Manifestos se fizeram necessários diante da adesão de generais e coronéis ao veio golpista
Na Folha
A celebração da democracia e do sistema eleitoral em vigor, nas cartas aos brasileiros e no 11 de agosto, evitou identificar sua destinação real, tanto por cautelas históricas como para facilitar a aventura democrática de muitos aderentes originários de outros conceitos.
Ficou livre, e dada como óbvia, a interpretação de que as cartas voltam-se para Bolsonaro e o seu golpismo. Sim, são isso.
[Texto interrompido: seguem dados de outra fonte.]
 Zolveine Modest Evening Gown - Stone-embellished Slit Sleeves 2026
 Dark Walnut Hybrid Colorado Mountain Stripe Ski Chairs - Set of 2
Mas não só, nem principalmente.
É confusa e sem boas razões a distribuição dos papéis no problema dramático que, pela enésima vez, o intuito democrático revive no Brasil. O golpista Bolsonaro não pode dar golpe. Seus evangélicos são incapazes de ajudá-lo com mais do que alguma bagunça.
Até agora não houve nem sinais mínimos de condições para a repetição de um golpe de Estado parlamentar, como usado contra o progressismo social de Dilma Rousseff. O golpe só pode ser dado pelas Forças Armadas, o Exército como atacante básico.
Essa preliminar desnuda uma inversão generalizada: quem de fato gera a apreensão com a possibilidade de golpe não é Bolsonaro, é a corporação militar, os militares variáveis nas gerações e permanentes nas idiossincrasias.
Visto como insuflador do golpismo contra as próximas eleições, Bolsonaro pouco inspira e muito expressa as concepções políticas e institucionais de um corporativismo sem objetivos próprios. Esta, por sinal, uma característica dos países latino-americanos.
O chamado a Bolsonaro para audiência no comando do Exército, durante a campanha eleitoral de 2018, não foi só encontro de eleitor e candidato. O general Eduardo Villas Bôas fez, inclusive com fotos logo distribuídas, uma indicação pública da associação entre a oficialidade do Exército e Bolsonaro, com a óbvia decorrência da representatividade mútua.
Empossado, Bolsonaro fez por sua conta dois acréscimos associativos à nova condição: segmentos evangélicos que propagam o fanatismo e a parte da marginalidade ativa no desmatamento, no garimpo e outras ilegalidades que, inclusive como deformações policiais, têm recebido tolerância ou incentivos.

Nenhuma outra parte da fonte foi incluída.